|Matter: In your new book, you differentiate between complex and complicated. Is there a similar difference between simple and minimal?
Don Norman: The word design applies to an incredible array of activities—engineering design, interior design, fashion design. More and more it’s being used to represent something close to traditional industrial design. But industrial design itself has undergone remarkable change in the last decade. It used to primarily focus on what we call styling—the appearance of something. Modern designers are much more concerned about the complexities of devices which have intricate mechanisms, hidden electronic microprocessors, displays, sensors of all sorts. They’re trying to fulfill the needs of the people who are using these objects. This has been a radical shift for designers because most of them come from schools of art or architecture and are trained in aesthetics. But the modern designer has to know technology, and has to understand people. Because a modern designer is like a psychologist, trying to devise things that change the way people work—with each other, in groups, doing their tasks, communicating.
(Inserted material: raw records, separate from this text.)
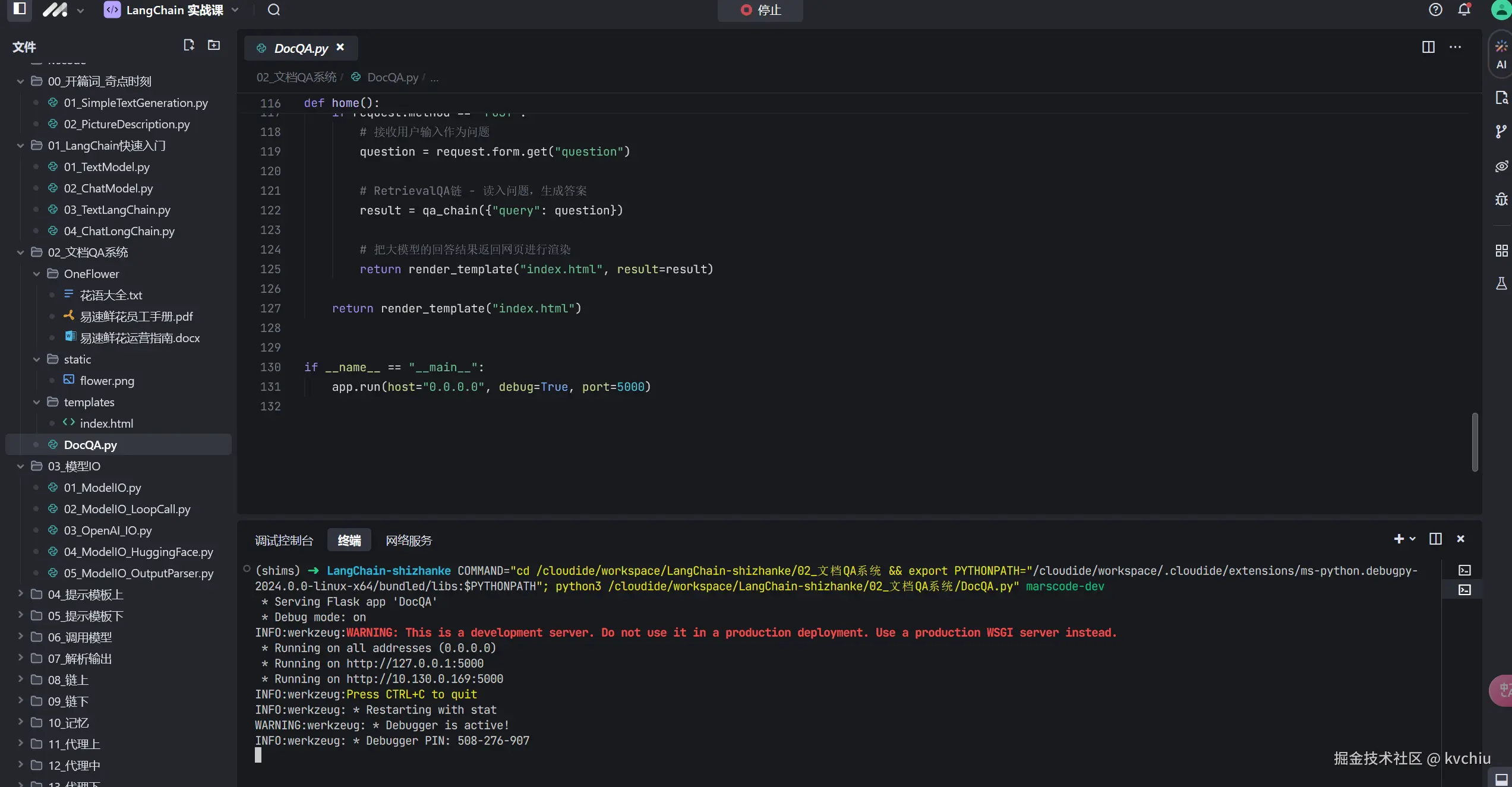 kvchiu于2024-10-27 23:20发布的图片
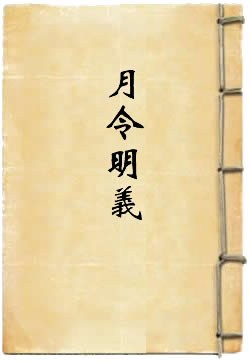 月令明义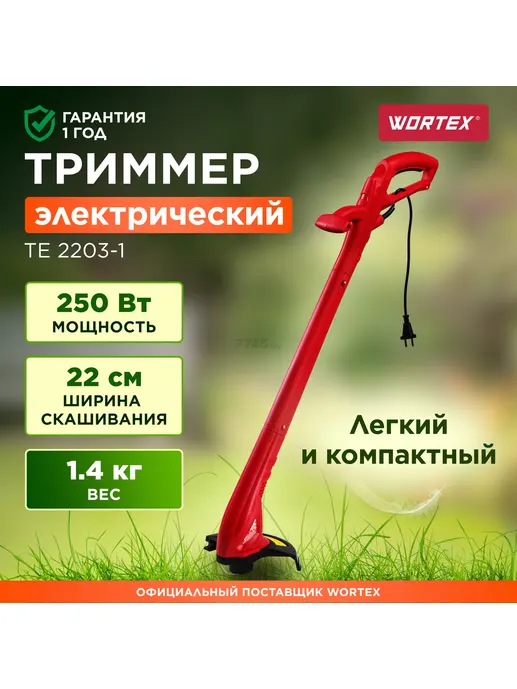 Триммер Wortex TE 2203-1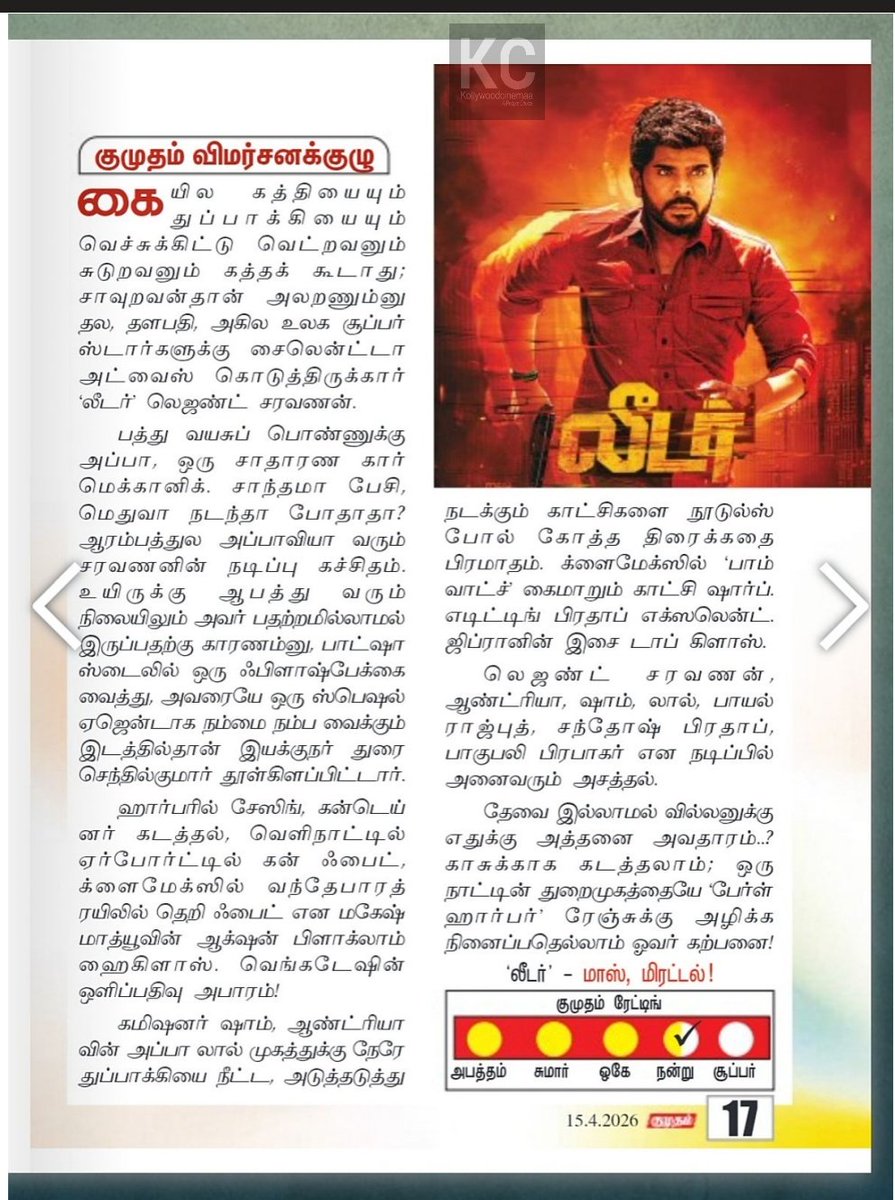 KollywoodCinima's tweet image. . @Dir_dsk in #Leader 3.5/5 மாஸ், மிரட்டல். @yoursthelegend 

Pic : @kumudamdigi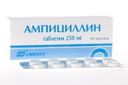 Ампициллин, 250 мг, таблетки, 10 шт.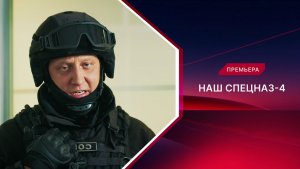 Наш спецназ. 4 сезон. Трейлер
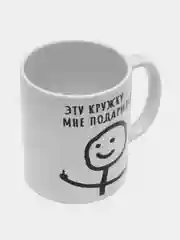 Розовый кружка с приколом Подарили на
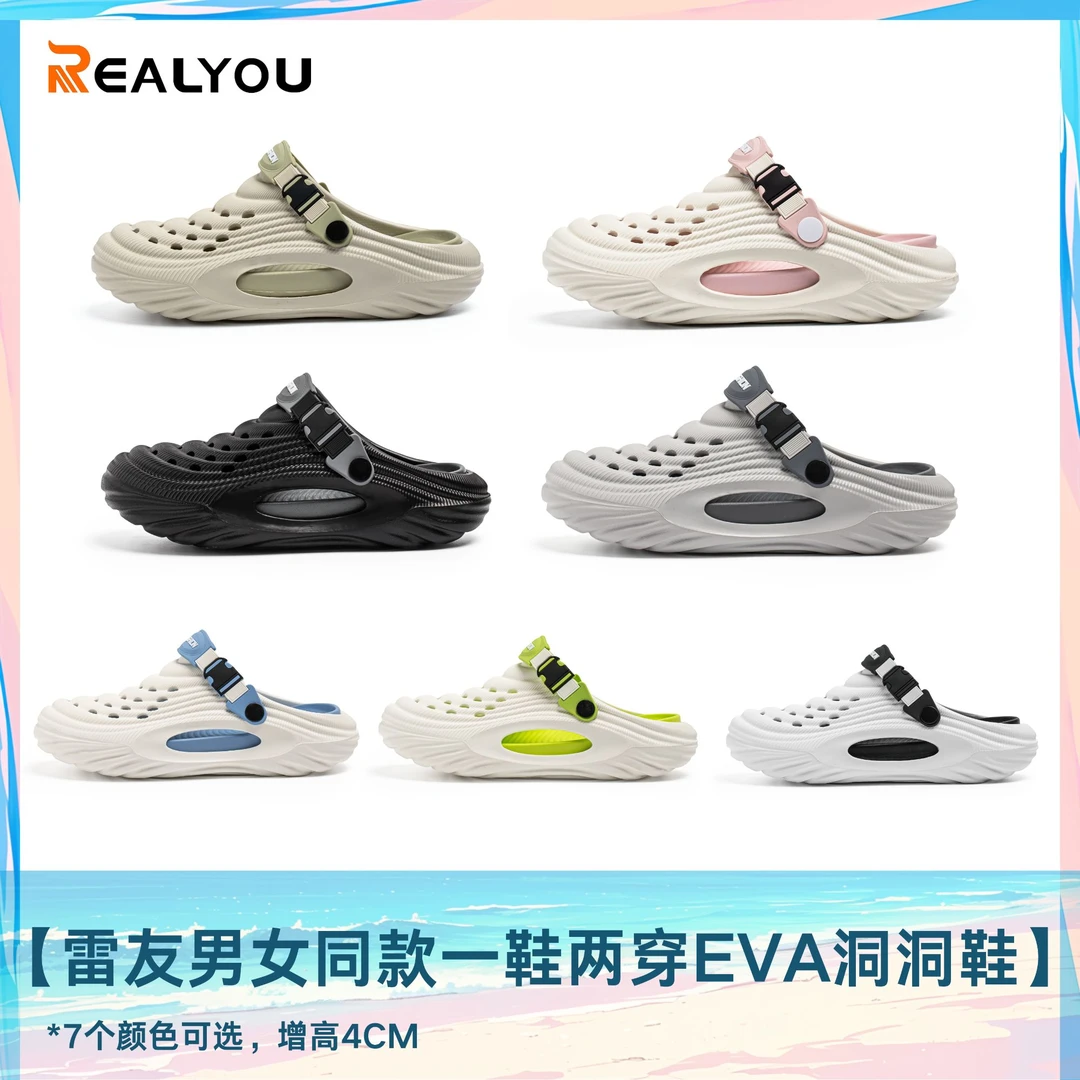 REALYOU/雷友秋季透气洞洞鞋男女同款沙滩鞋百搭时尚户外凉拖鞋男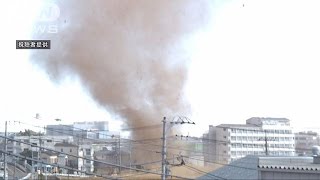 神奈川・厚木市で竜巻か　気象台が現地調査へ(15/02/14)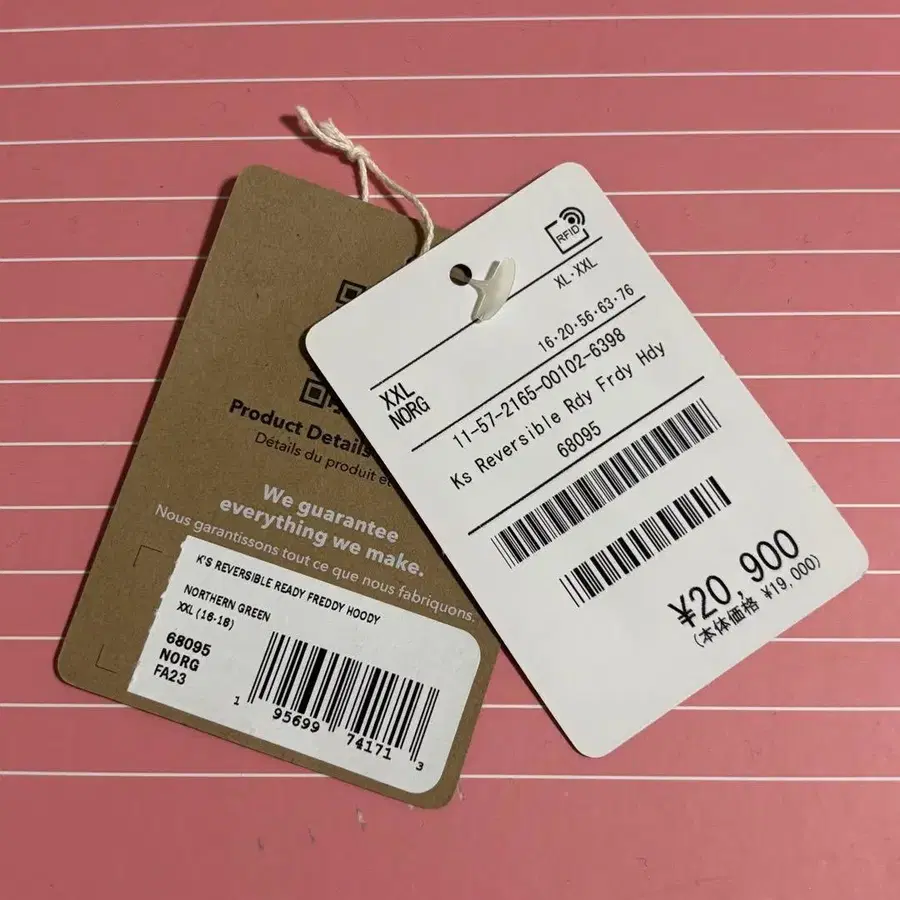 9번째 상품 이미지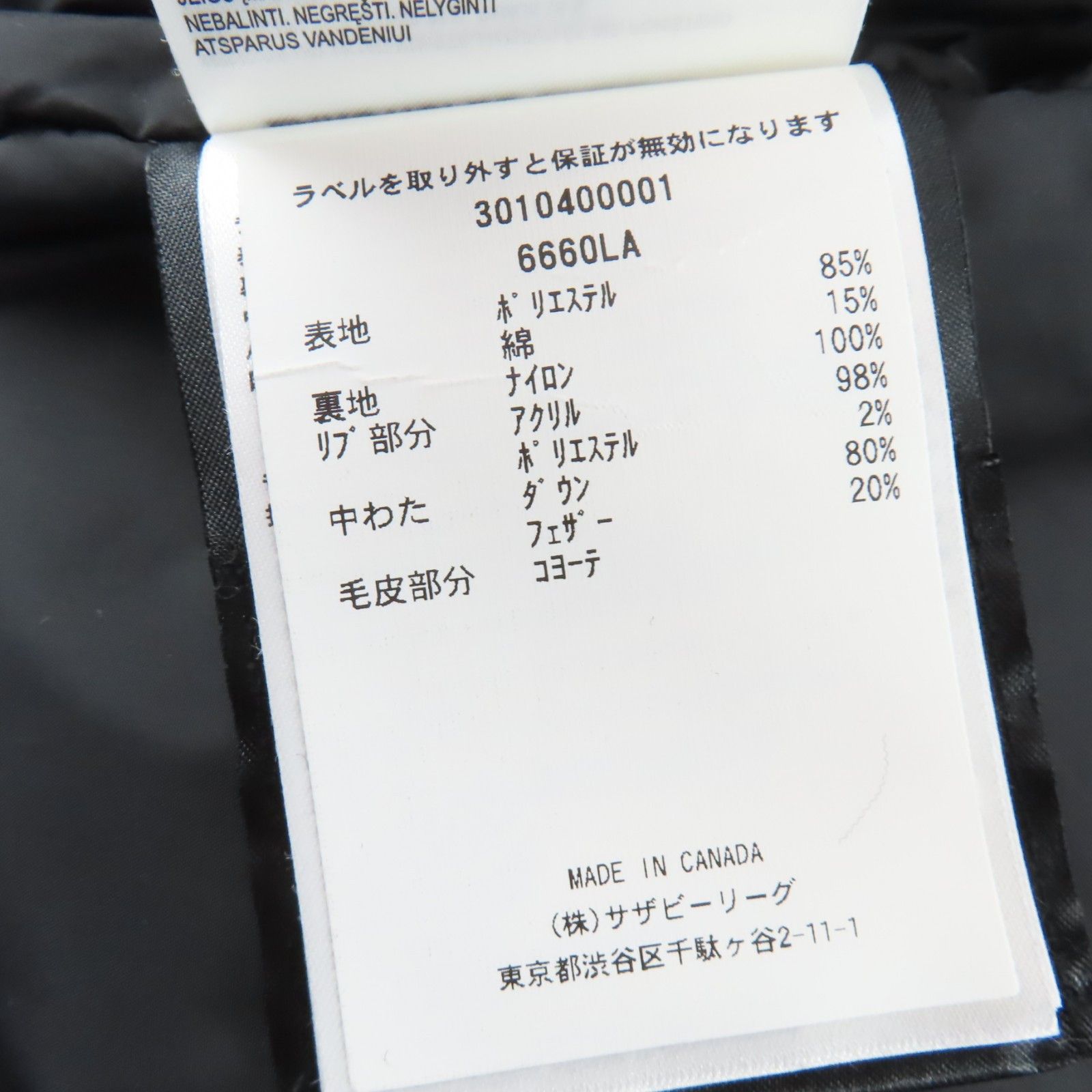 Canada Goose Canada Goose Canada Goose Trillium parka Textile Outerwear 6660LA DUTY FREE for USA Size ONE SIZE - 11 Thumbnail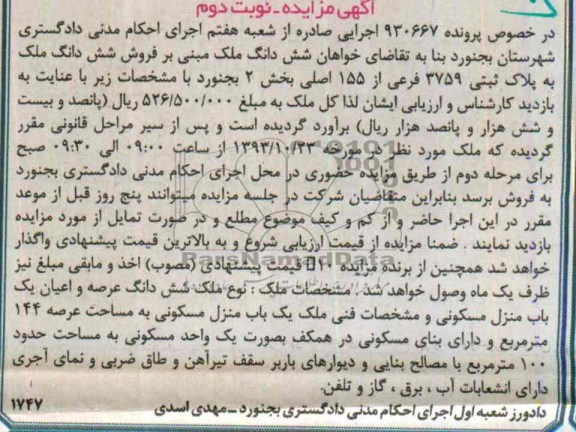 مزایده,فروش منزل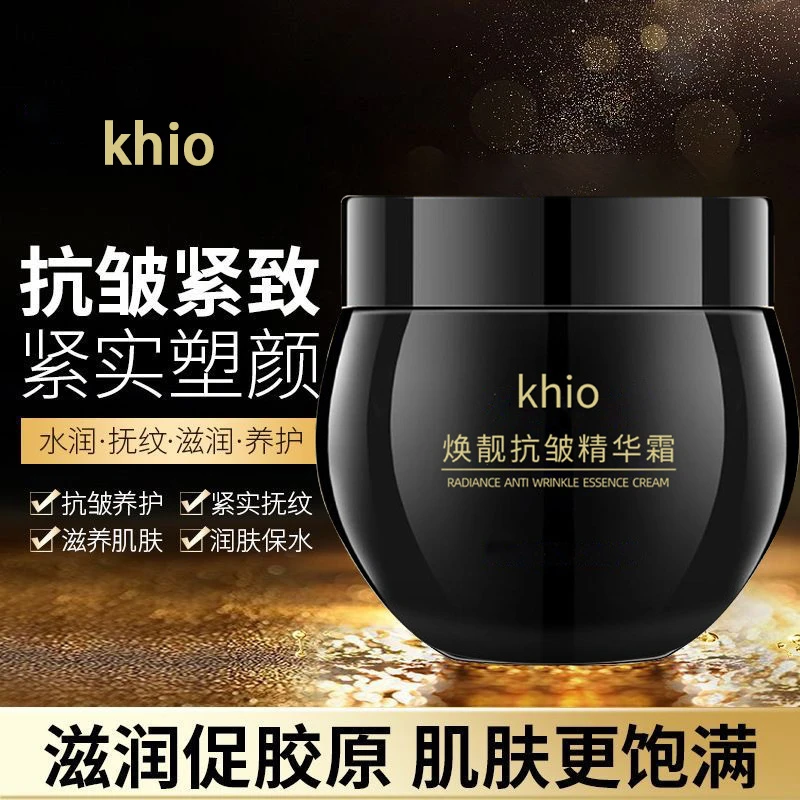 khio小黑瓶焕靓颜面霜补水保湿霜抗皱紧致淡化细纹提亮玻色因面霜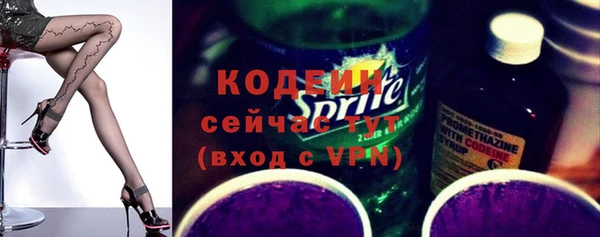 кокаин VHQ Заволжье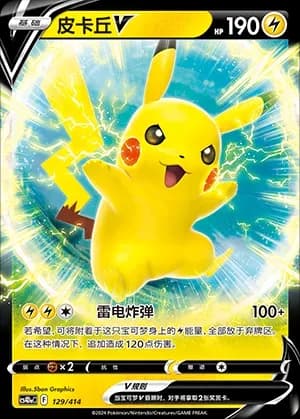 Pikachu V 129 Normal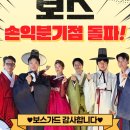 &#39;보스&#39; 개봉 7일차 손익분기점 돌파 이미지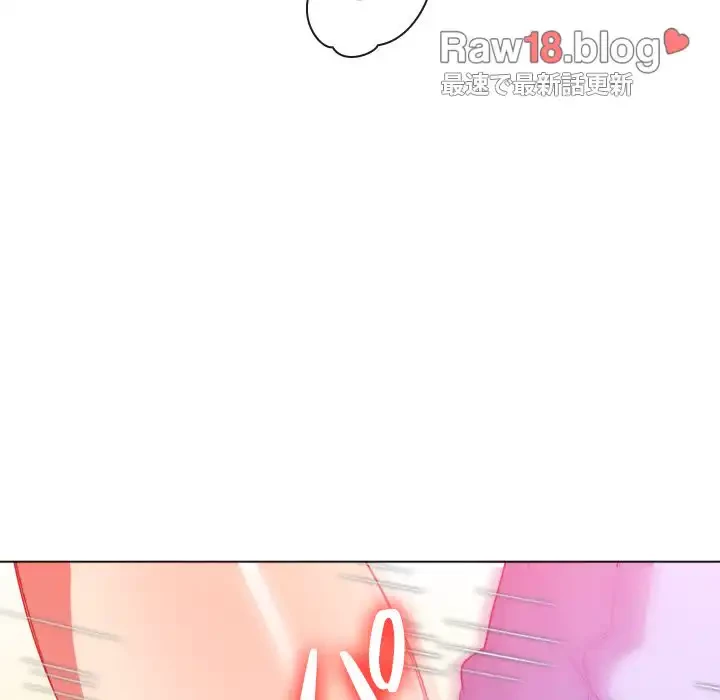 俺のワルな同級生 第127話 - 92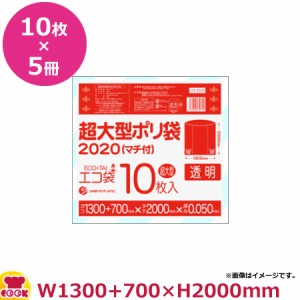 超大型ポリ袋（マチ付）2000幅 10枚 5冊入 0.050mm厚 透明 LN-2020（送料無料、代引不可）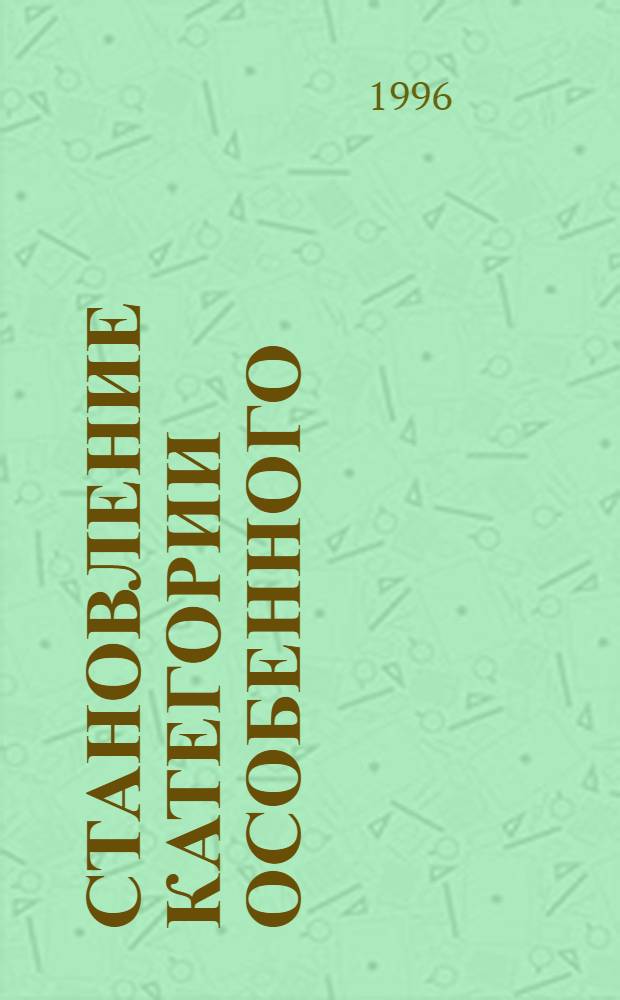 Становление категории особенного: культурно-исторический аспект : Автореф. дис. на соиск. учен. степ. к.филос.н. : Спец. 09.00.01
Now to answer your question, because it takes some background—traditional designers love simplicity, elegance, minimal structure. This is wonderful if you’re designing furniture, a fixed object, a building, a public square. But in today’s world, we’re designing very complex things.
Matter: So in your opinion, “Less is more,” or “Less is a bore?”
DN: Less is a bore. The famous designer who said, “Less is more,” came from the old school that is all about design being a statement. That’s not what modern design is.
Matter: How do you merge human-centered design and the inescapable need to integrate technology?
DN: That is the real role for the designer. Designers have to work in teams. They work with the engineering team who understands the details and implements the technology, and they work with the marketing team who understands what the customers are asking for. But they themselves also have to be generalists—they have to go out and watch people doing their task to understand what their true needs are. Mind you, you can’t ask people what it is they want because if you’re doing anything new—since they’ve never experienced it—they’ll never ask for it. You have to watch them and understand how they do their jobs and where you can add value. You have to be able to take the technology that’s available and try to figure out how to package it in a way that’s aesthetically pleasing, functional, reliable, rugged, and affordable. If designers are generalists, they can work with numerous specialists to put together the end result.
Matter: You hear that more and more, that you have to be a generalist. For a long time, the focus was on being specialized, but now it seems the tide has shifted.
DN: And I think there’s a real danger here because the universities of the world increasingly train more and more specialists. Specialists are essential, but they can’t create great products because products require cutting across the specialties. I’m concerned about the design world keeping up with this need. One of my activities is trying hard to reconsider and reshape the design curriculum.
Matter: You’ve talked about the success of Apple not being just in the styling of its products, but the technology and licensing behind them. Is Jonathan Ive then a good example of that ‘new generation’ of designer?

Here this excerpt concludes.